Many search engines feature databases of a variety of information types; for example, one can find databases of images, books, news, and maps on Google; images and finance on Yahoo; and travel, news, inages, and video on Bing. Flickr and Picasa are well-known image databases, which can be searched by image criteria such as color. YouTube, of course, is the leading video search engine, but one can also find instructional videos from various universities as well as those from the Journal of Visual Experiments (JOVE).
- Paid search engines are mainly the traditional ones such as Dialog, Factiva, LexisNexis, EBSCO, and ProQuest. Some subject-oriented paid search engines are also available such as those from STN International, whose flagship database is Chemical Abstracts. In contrast to Google and some other web search engines, no SEO manipulation is done by these vendors, so results are very consistent.
Innovations in search continue, but it is happening at the margins and inside the enterprise. Search algorithms are changed frequently. (See the closing keynote session for a discussion of the future of search.) Information professionals must constantly keep up with changes in search engines and be ready to switch search tools quickly. This is time consuming, but it is necessary if we are to remain relevant.
Marydee closed by urging attendees to read The Filter Bubble.
Arthur Weiss, Managing Director, AWARE, continued Marydee’s theme and reviewed some specialist search engines for people, numeric data, and news. He noted that although search engines may claim to search the deep web, they may be only using a web crawler to find material on the visible web. True deep web search tools typically look for information not searchable by crawlers.
Weiss showed how a Google news search returns different results depending on whether one is logged in to a Google account or not. When you are logged in to your account, Google knows who you are, your location, and any preferences you have set. Several news search engines cater to business users, including Northern Light, Congoo, and Newsnow. Silobreaker and Evri aggregate news and return results on a topic. Silobreaker has a number of innovative features, such as a summary, headlines, and trend charts showing item frequencies.
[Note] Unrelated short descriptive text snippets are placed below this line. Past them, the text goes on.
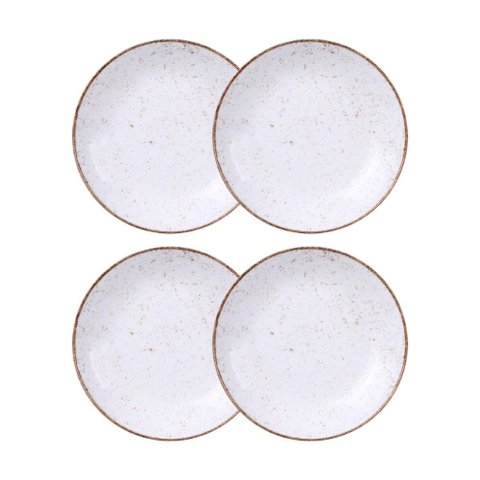 Jogo de Pratos Fundo 4 Peças Rústico 22 Cm Porcelana Decorada Tramontina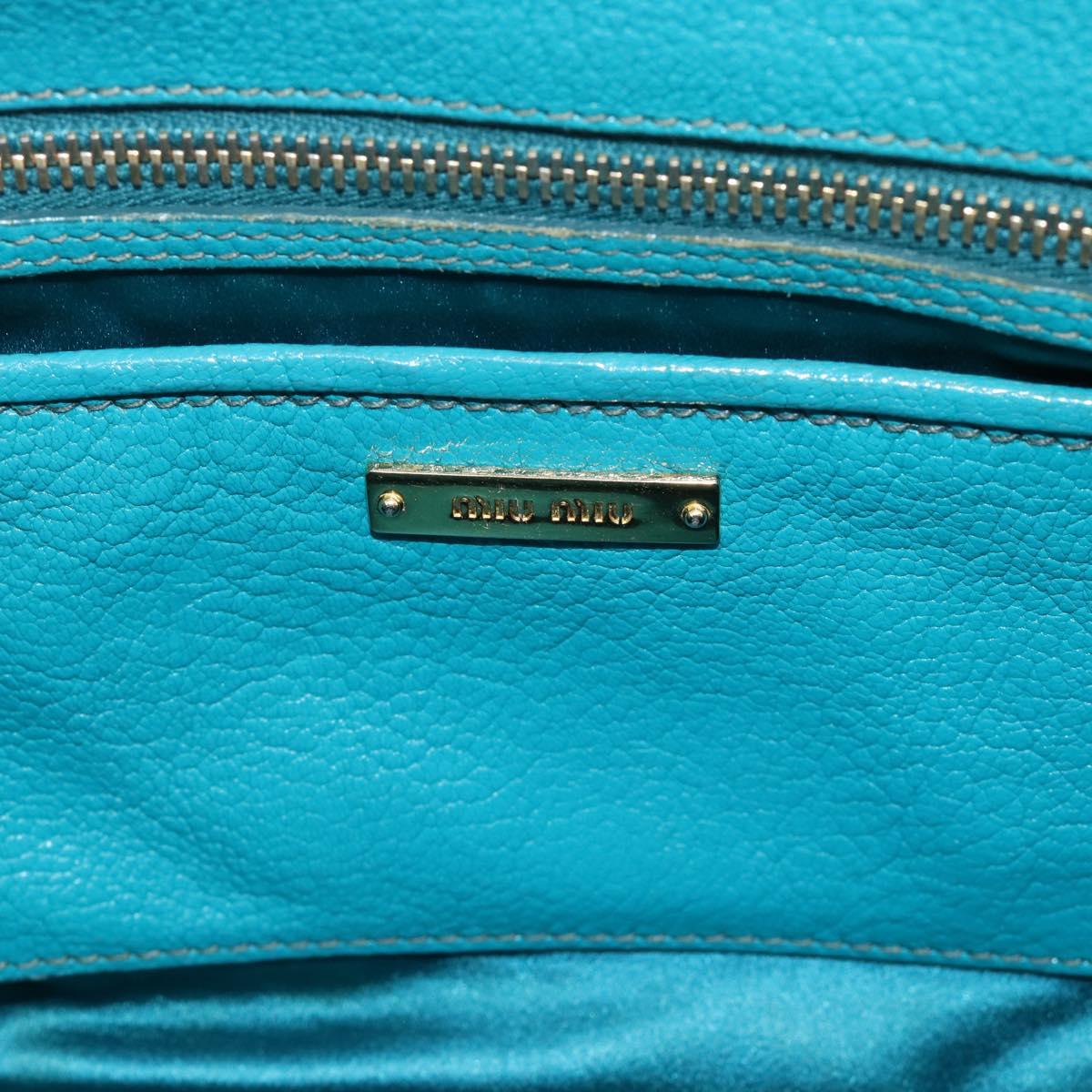 Miu Miu Hand Bag Leather 2way Turquoise Blue Gold Auth 187827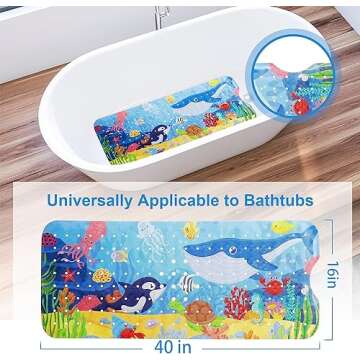 Baby Bath Mat for Tub for Kids, 40 X 16 Inch Extra Long Kids Bathtub Mat Non Slip, Cartoon Bath Tub ...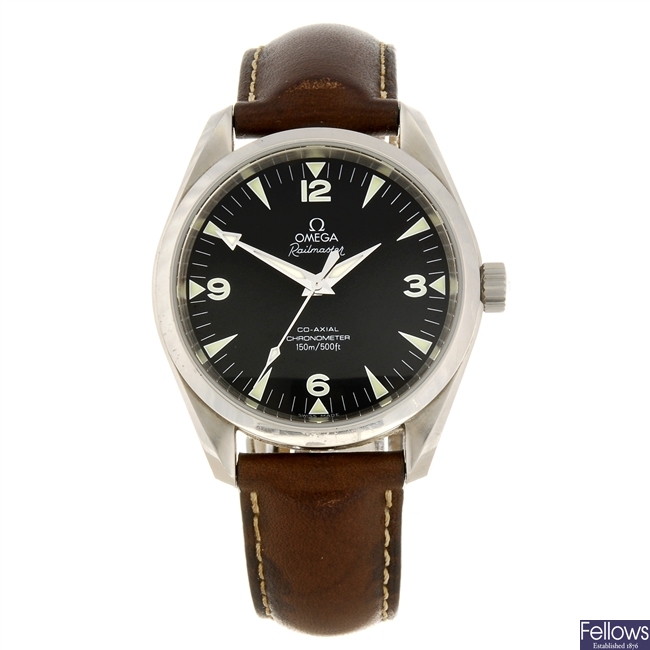 (506025200) A stainless steel automatic gentleman's Omega Aqua Terra Railmaster wrist watch.
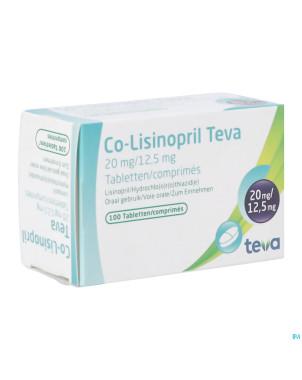 Co lisinopril teva comp 100 x 20/12.5 mg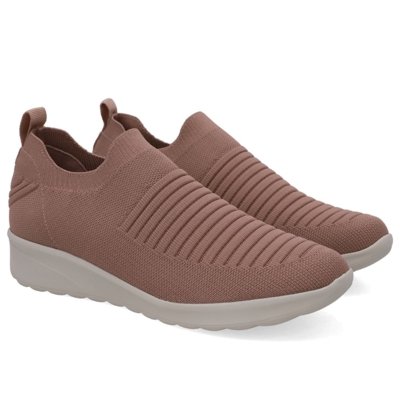 Tênis Slip On Em Tricot Rosa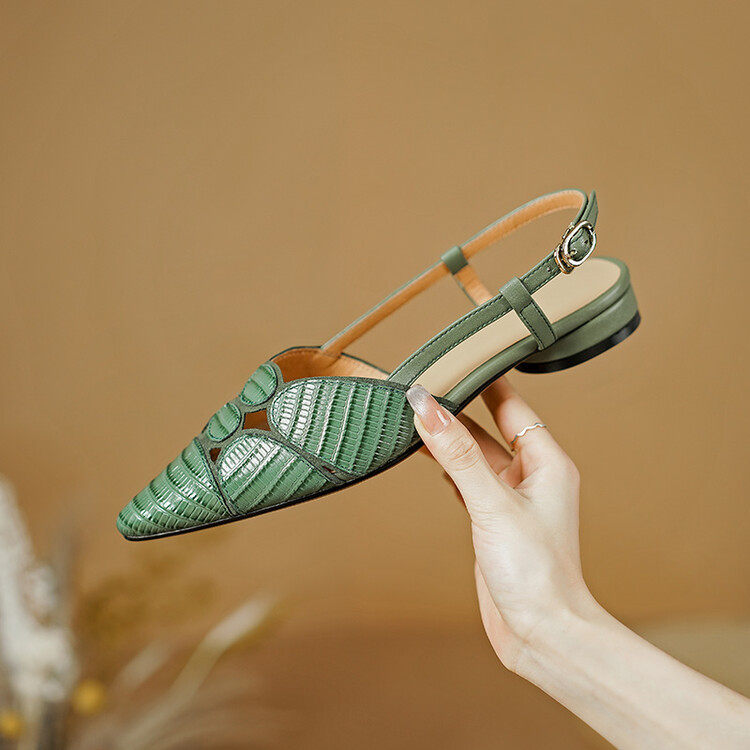法式优雅低跟包头后空时尚女凉鞋春夏新款鳗鱼纹牛皮尖头平底女鞋,户外/登山/野营/旅行用品,登山鞋/徒步鞋,淘宝优惠券,粉丝福利购,淘宝优惠卷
Evri has more images than Silobreaker.
People search engines are either directories of names or searches for names in the context of articles. Some of the second type include Pipl, 123People, and Yasni. Pipl has a US bias; the other two are based in Europe. Yatedo allows phonetic searches, searches based on links to other people, and other advanced options. Jigsaw is a database of online business cards and actively solitics contributions of them. Yoname searches people who are users of any of 27 social media sites.
Numeric searches can be difficult because much numeric is presented in graphical format. Data from official statistical sources is available in the Offstats database, and the Open Data Directory provides links to over 400,000 databases of numeric data on a wide range of subjects. For scientific data, Wolfram Alpha is a good source; it presents data in tabular or graphical format. Lexxe searches data by using a “semantic key” approach and also reports results in a chart.
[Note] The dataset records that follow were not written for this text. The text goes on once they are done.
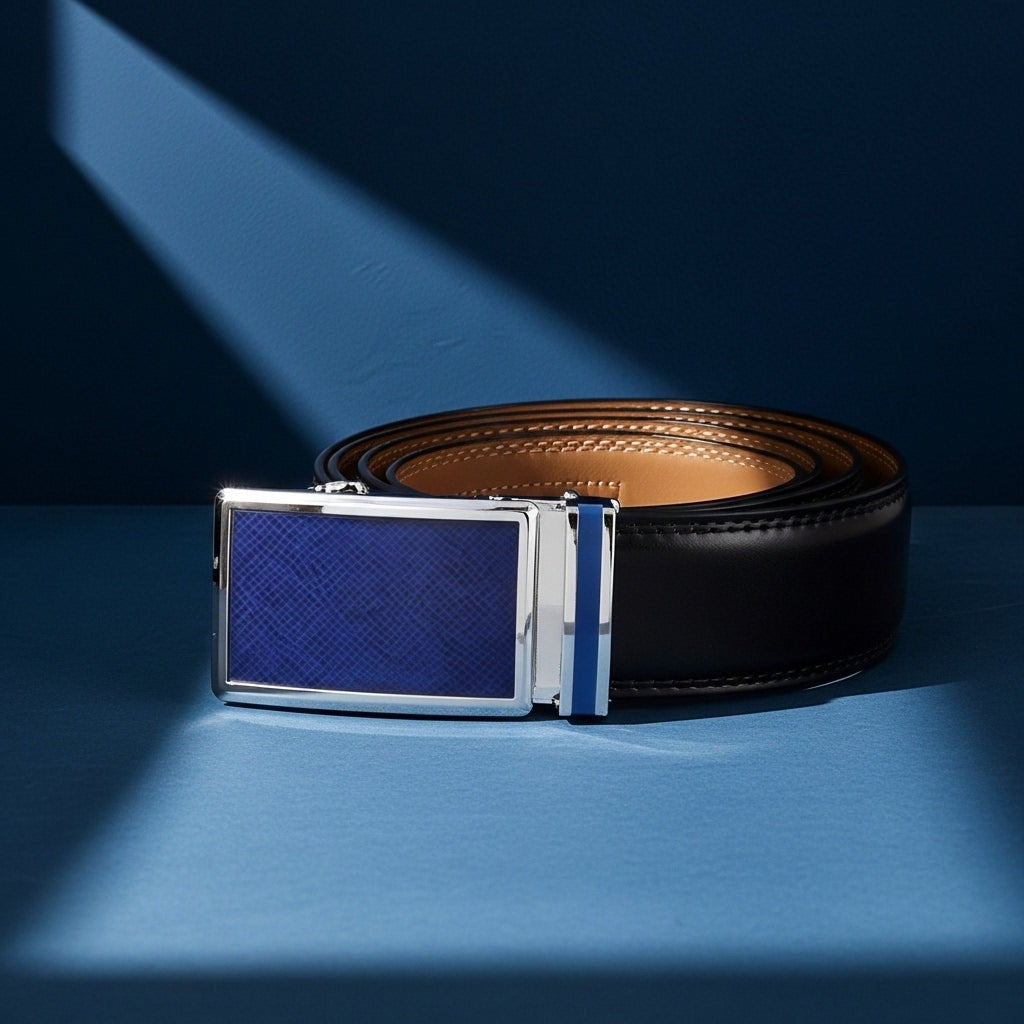 Ceinture Parisien 95 pour homme en cuir de vachette noir avec une boucle automatique rectangulaire argentée ornée d'un insert bleu texturé et d'une bande bleue contrastante #fullwidth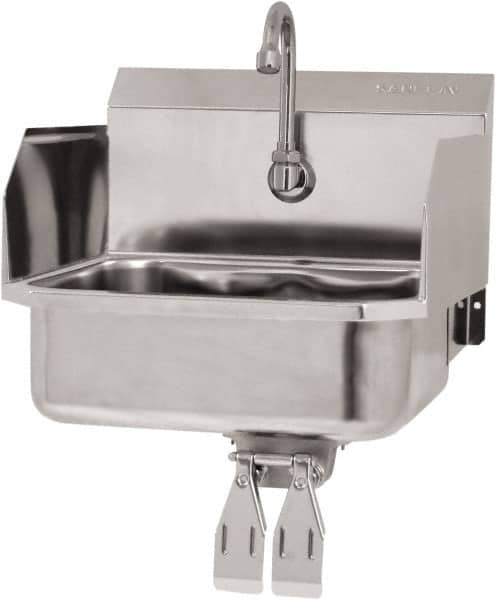 SANI-LAV - 14" Long x 11" Wide Inside, 1 Compartment, Grade 304 Stainless Steel Hand Sink Wall Mount with Double Knee Valve - 18 Gauge, 16" Long x 15-1/4" Wide x 16" High Outside, 5" Deep - Exact Tooling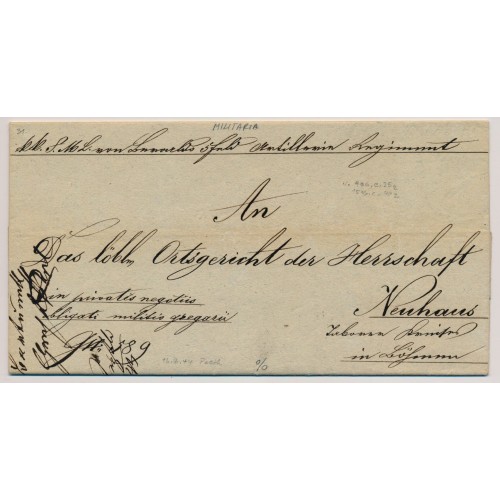Österreich 1844 Brief (Inhalt) MILITARIA, - NEUHAUS. R.s interessantes Stempel!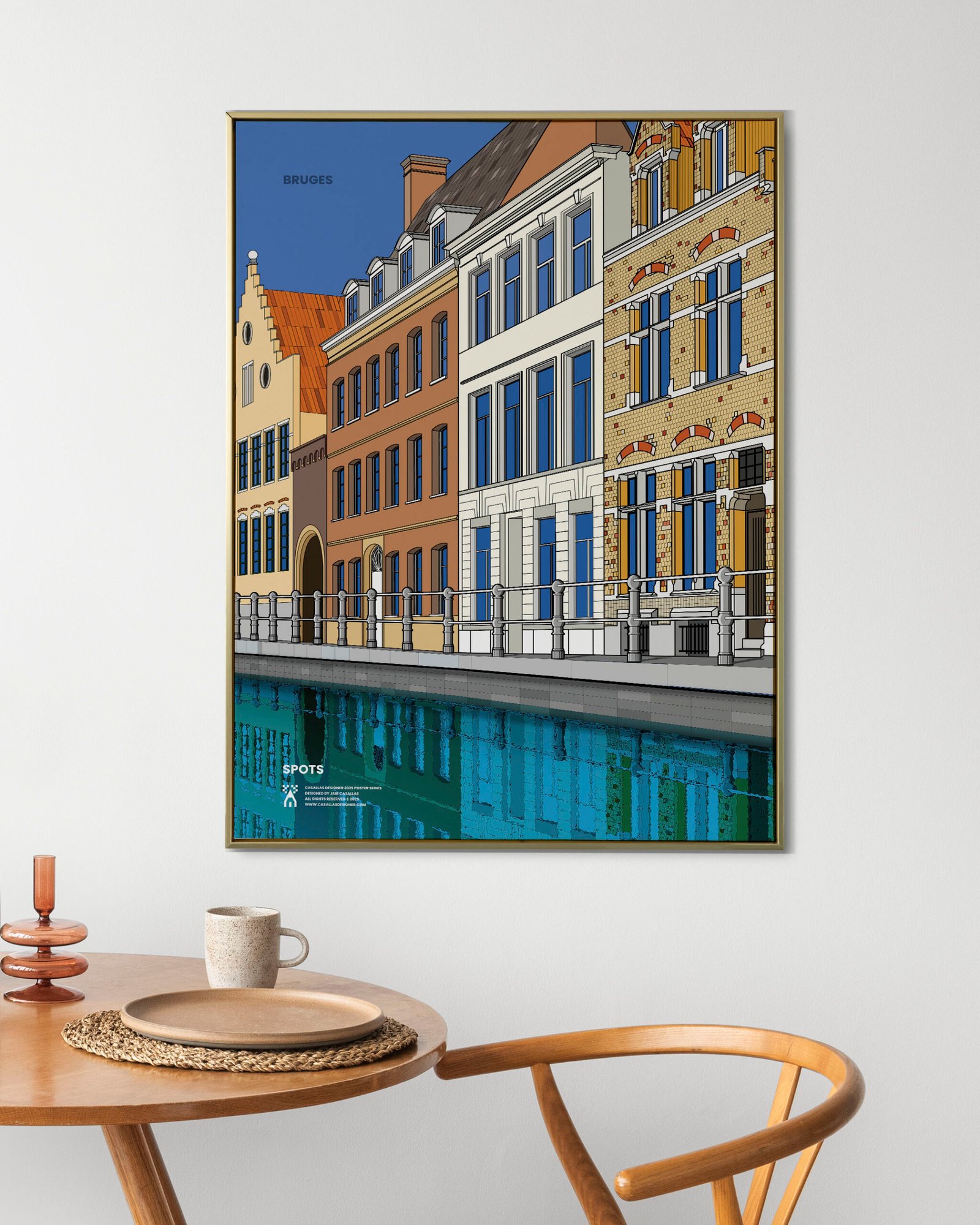 Frame by a dining table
Karen Blakeman, Trainer and Consultant, RBA Information Systems, looked at what search engines know about us, and “a lot” is known, so users must be well aware of this when as they do their searches. In particular, Google knows us very well and personalizes search results based on the user’s location browser, search history, blocked sites, “liked” sites, etc. Searches based on the user’s location attempt to return rresults relevant to the country, but they may return erroneous results because a company’s switchboard may be located in a different country, for example, which has implications because access to some sites is blocked outside their local region.
Panopticlick will test your browser configuration and report how unique it appears to be. (The more unique it is, the easier it is to track unique information about the user.)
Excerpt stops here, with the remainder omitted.